Did you know that the tiny state of Rhode Island officially has a very, very long name?
Well, if many residents of the "State of Rhode Island and Providence Plantations" have their way, that elongated moniker would be reduced to one that does not conjure up the reminder of New England’s less than savory history of slavery.
Last week, the state House voted 70-3 to let residents decide whether their home should simply be called the "State of Rhode Island" – minus the “Providence Plantations” part.
"It's high time for us to recognize that slavery happened on plantations in Rhode Island and decide that we don't want that chapter of our history to be a proud part of our name," said Rep. Joseph Almeida, an African-American lawmaker who sponsored the bill.” That bill, which permits a statewide referendum on the issue next year, now heads to the state Senate.

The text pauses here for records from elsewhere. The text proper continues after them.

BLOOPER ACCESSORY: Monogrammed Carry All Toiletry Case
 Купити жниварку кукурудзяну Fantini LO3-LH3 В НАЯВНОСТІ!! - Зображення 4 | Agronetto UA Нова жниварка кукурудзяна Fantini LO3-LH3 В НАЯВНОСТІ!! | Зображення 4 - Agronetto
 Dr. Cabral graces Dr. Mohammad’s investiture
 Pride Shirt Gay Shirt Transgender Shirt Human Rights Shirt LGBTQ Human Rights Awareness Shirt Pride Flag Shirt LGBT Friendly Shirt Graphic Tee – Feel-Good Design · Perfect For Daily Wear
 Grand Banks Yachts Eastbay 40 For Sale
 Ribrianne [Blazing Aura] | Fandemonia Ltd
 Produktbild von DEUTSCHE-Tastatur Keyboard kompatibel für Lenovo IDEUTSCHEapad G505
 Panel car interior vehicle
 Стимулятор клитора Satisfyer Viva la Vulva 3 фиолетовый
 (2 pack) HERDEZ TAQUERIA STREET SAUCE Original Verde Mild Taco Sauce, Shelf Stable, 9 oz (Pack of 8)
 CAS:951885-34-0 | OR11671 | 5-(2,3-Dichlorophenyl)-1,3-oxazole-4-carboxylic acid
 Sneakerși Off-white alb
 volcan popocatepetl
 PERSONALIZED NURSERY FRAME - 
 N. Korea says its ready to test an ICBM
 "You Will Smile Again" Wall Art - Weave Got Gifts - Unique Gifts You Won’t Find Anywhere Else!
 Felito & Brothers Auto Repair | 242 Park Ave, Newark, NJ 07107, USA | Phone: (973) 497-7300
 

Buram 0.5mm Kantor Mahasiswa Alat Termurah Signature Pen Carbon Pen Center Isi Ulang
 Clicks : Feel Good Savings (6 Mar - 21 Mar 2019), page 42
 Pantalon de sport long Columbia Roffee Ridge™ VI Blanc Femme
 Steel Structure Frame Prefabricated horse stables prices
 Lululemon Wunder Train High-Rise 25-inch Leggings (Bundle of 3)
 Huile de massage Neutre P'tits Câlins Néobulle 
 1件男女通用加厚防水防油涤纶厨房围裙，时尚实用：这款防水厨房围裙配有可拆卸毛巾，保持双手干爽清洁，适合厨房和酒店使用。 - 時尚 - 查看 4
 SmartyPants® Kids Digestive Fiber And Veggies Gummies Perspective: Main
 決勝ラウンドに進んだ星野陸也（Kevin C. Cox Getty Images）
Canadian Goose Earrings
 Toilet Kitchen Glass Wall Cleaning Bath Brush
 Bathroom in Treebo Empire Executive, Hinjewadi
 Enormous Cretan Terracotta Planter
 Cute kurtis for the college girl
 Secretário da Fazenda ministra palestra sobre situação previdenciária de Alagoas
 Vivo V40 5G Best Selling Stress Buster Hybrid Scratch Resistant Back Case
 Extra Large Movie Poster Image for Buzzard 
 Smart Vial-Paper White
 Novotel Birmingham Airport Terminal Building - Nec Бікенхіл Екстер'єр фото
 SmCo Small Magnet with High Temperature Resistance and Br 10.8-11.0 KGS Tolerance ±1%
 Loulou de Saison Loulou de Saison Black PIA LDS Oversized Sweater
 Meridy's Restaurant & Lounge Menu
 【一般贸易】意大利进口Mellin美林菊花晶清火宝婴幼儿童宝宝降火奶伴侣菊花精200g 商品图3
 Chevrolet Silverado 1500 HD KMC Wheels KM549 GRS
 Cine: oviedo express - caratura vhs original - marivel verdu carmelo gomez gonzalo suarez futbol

According to The Associated Press, Roger Williams, who was banished from the Massachusetts Bay Colony, set out in 1636 and settled at the northern tip of Narragansett Bay, which he called Providence Plantations.
“Williams founded the first Baptist church in America and became famous for embracing the separation of church and state, a legal principle enshrined in the Bill of Rights a century later,” AP writes. “In 1663, English King Charles II granted a royal charter joining all the settlements into a single colony called "The Colony of Rhode Island and Providence Plantations. Rhode Island used that royal charter as its governing document until 1843.”
Merchants in the tiny state made their fortunes off the slave trade. Slaves helped build Brown University in Providence, and a prominent slave trader paid half the cost of its first library, according to AP.